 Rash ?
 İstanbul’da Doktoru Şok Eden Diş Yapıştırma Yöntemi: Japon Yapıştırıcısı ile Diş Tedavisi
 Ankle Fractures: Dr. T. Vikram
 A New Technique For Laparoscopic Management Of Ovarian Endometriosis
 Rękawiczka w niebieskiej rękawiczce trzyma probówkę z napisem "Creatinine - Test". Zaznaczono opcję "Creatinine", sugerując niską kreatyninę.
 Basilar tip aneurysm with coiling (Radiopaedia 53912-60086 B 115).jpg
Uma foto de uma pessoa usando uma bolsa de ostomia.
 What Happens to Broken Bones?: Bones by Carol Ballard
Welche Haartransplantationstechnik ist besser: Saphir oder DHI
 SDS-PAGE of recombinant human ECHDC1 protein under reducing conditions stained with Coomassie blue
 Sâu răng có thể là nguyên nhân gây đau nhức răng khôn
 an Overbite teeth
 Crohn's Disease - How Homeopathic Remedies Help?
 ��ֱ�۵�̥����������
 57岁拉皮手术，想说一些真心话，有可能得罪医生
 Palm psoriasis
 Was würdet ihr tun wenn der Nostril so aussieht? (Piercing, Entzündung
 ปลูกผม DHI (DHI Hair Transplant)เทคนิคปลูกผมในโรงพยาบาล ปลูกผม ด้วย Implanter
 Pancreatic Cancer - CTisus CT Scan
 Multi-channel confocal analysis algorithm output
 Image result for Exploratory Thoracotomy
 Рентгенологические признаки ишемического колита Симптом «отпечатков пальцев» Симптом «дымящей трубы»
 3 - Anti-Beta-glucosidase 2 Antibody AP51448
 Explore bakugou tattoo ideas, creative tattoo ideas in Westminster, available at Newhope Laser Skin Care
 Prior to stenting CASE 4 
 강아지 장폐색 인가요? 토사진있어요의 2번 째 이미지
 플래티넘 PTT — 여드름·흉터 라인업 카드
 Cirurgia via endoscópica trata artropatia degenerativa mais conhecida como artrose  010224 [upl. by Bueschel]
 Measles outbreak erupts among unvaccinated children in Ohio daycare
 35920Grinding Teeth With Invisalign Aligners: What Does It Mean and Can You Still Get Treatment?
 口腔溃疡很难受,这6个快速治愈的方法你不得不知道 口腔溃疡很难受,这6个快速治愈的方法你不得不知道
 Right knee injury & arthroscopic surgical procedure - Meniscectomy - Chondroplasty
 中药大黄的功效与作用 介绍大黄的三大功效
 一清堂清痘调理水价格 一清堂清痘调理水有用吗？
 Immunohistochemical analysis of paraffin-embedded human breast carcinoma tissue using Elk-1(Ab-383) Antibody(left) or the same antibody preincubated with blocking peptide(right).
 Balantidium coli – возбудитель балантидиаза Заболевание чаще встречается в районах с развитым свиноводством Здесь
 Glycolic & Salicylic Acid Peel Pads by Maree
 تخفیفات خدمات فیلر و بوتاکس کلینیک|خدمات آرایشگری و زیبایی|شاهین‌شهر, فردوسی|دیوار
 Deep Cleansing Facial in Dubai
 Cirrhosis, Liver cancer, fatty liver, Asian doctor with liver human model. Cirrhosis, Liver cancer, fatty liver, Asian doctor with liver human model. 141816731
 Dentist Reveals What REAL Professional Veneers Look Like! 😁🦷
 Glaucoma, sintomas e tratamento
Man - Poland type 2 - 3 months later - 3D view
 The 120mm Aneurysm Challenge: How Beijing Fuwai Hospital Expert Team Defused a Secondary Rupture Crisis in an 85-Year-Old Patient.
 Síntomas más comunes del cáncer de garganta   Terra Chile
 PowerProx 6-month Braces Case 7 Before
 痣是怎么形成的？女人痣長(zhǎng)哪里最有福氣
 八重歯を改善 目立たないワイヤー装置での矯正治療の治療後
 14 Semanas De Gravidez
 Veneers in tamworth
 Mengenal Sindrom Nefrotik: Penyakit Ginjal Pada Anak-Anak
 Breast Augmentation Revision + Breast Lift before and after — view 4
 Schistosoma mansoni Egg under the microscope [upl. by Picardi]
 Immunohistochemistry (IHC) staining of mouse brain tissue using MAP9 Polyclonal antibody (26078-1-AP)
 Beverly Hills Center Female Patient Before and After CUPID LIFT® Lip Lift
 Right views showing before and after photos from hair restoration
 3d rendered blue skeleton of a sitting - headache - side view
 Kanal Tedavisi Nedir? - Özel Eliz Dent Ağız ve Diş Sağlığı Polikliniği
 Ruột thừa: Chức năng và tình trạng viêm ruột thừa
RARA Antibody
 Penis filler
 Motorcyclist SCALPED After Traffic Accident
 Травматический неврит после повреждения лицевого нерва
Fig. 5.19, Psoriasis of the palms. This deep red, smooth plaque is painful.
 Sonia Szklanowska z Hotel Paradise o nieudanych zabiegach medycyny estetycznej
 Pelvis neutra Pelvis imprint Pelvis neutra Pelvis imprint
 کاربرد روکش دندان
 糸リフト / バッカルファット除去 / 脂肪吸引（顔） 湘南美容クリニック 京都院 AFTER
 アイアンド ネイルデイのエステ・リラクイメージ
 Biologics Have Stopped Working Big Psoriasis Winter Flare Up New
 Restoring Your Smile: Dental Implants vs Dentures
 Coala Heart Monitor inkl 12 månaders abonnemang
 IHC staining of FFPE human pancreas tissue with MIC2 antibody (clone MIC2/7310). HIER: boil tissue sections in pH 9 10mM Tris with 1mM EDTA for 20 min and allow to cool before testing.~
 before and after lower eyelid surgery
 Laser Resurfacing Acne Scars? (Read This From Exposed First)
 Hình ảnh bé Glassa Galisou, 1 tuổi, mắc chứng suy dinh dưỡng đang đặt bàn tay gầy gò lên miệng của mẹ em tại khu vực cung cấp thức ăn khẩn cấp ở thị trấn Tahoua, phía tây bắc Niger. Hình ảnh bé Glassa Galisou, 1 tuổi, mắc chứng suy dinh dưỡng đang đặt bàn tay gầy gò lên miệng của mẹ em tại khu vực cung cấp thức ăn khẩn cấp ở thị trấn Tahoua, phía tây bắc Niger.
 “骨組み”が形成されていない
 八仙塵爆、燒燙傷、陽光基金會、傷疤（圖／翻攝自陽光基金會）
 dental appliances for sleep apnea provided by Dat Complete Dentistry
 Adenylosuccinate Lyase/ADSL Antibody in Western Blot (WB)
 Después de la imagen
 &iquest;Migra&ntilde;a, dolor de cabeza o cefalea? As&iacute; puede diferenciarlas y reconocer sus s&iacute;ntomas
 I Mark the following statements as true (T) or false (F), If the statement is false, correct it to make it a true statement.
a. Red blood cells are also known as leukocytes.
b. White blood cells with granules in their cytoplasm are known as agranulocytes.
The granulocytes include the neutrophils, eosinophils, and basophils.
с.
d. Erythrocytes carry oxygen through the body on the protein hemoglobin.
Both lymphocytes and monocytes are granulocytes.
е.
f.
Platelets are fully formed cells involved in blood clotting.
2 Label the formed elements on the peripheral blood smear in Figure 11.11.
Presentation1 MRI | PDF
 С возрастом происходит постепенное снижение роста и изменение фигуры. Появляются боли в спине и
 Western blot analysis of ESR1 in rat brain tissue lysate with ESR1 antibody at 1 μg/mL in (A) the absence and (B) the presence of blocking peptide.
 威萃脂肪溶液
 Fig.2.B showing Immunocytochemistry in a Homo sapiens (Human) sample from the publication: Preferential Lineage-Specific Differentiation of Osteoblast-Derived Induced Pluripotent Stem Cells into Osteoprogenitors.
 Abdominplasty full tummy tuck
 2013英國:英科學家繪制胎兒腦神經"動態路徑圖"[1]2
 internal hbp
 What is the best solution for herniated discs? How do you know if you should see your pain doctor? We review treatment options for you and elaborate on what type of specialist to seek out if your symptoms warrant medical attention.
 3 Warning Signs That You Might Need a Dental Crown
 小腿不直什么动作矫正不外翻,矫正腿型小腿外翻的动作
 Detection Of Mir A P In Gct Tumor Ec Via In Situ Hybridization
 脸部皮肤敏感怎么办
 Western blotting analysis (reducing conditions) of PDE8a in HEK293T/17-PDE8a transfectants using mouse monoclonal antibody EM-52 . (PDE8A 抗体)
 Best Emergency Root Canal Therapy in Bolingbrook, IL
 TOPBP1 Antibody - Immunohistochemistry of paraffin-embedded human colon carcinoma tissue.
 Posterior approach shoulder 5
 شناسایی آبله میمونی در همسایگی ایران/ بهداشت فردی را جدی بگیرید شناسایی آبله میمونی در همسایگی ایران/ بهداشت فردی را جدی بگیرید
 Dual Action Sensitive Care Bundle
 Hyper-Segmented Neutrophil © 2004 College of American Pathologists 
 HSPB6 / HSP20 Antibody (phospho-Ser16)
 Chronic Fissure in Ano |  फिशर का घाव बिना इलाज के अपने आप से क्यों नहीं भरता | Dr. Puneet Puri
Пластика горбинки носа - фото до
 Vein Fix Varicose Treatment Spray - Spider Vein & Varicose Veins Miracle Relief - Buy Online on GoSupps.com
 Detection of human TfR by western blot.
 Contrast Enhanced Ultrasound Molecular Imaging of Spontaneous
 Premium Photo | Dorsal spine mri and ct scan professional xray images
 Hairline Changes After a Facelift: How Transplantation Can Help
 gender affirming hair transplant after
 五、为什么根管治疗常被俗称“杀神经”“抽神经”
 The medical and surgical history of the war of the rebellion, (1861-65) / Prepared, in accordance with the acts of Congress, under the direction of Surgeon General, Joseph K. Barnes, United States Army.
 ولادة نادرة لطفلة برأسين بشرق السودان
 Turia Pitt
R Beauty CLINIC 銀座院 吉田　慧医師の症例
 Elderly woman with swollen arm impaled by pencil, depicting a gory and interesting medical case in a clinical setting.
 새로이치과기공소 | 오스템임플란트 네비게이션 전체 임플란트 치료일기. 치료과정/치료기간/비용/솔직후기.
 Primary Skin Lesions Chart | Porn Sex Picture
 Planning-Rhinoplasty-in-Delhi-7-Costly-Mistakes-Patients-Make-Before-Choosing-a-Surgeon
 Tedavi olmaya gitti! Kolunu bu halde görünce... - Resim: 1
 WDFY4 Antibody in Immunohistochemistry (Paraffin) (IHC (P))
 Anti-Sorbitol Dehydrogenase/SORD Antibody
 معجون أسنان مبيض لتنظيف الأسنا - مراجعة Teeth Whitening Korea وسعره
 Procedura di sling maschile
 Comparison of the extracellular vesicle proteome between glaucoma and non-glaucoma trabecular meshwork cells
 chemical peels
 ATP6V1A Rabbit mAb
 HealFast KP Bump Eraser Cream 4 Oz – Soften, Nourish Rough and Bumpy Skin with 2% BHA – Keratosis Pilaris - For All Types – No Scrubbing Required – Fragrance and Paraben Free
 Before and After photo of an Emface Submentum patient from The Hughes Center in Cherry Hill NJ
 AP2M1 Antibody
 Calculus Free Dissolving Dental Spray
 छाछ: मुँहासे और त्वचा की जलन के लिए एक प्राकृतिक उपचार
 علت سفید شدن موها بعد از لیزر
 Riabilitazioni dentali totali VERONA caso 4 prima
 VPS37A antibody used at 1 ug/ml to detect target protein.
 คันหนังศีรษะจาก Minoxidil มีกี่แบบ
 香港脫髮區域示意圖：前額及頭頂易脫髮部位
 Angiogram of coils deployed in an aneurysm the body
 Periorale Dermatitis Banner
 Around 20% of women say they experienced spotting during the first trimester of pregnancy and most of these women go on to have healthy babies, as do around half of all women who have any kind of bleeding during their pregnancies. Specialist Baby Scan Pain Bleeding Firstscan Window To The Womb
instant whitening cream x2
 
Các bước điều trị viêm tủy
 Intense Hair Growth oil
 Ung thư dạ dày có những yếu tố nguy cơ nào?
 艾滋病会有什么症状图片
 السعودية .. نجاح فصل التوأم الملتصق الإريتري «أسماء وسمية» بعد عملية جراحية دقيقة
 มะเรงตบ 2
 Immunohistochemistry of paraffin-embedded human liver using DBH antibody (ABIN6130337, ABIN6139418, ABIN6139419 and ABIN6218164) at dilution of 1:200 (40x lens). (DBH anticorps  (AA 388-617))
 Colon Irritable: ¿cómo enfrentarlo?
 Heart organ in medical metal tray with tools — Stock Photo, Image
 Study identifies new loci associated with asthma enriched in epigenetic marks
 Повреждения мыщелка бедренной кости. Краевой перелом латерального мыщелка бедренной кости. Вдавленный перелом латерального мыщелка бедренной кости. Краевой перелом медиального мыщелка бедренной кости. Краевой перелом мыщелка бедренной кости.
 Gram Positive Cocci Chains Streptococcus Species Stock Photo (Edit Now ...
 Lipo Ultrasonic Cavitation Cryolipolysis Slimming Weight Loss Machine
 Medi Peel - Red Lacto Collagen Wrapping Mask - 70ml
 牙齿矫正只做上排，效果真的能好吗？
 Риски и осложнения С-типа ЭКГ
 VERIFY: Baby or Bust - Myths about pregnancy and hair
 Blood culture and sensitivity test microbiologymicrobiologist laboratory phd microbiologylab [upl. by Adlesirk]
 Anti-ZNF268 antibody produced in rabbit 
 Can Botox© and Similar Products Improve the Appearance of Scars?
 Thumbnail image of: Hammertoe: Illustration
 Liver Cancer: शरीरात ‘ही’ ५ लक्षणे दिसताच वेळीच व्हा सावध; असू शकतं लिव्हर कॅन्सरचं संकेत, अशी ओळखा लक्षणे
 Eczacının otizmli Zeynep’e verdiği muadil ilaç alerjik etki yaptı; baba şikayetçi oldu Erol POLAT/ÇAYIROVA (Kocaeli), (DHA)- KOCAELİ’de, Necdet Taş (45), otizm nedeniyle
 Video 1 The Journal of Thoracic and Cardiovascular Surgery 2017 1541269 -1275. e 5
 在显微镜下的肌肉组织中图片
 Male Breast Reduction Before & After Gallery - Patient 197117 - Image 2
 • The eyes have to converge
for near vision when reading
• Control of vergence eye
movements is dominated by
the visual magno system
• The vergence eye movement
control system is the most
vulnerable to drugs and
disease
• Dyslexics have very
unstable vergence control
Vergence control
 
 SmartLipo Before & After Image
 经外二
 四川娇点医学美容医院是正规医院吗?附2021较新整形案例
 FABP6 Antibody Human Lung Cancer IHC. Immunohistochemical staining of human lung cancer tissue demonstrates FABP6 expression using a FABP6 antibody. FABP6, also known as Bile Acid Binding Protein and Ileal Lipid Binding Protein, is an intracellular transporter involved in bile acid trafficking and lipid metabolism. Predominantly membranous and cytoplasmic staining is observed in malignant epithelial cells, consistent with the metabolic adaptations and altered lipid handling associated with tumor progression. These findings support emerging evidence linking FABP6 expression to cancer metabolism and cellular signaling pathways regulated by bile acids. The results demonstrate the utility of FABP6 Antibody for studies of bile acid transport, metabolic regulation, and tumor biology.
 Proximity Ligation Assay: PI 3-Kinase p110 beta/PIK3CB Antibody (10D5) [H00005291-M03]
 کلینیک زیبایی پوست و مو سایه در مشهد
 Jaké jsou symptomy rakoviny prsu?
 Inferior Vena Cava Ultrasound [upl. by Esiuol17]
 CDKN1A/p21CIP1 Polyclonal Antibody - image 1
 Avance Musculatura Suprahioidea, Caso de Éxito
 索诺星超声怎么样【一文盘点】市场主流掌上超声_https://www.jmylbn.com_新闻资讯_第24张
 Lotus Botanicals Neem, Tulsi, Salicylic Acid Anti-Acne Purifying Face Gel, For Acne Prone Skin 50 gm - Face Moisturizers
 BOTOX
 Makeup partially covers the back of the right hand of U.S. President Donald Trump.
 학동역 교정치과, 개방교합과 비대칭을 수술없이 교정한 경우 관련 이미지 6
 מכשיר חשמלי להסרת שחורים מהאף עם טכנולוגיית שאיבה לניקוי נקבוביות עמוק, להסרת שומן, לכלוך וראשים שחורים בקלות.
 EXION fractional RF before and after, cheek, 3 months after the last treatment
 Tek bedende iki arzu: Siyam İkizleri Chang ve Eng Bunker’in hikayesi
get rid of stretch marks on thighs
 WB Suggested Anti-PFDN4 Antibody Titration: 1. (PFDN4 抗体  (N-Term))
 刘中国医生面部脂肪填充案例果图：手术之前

┄┄┄┄┄┄┄┄┄┄┄┄┄┄┄┄┄┄┄┄

(WHAT THE EXERCISE ASKS): In the material above, find each line that contains the word "Scars", and select it.

(TASK RESULT):
 Laser Resurfacing Acne Scars? (Read This From Exposed First)
 Can Botox© and Similar Products Improve the Appearance of Scars?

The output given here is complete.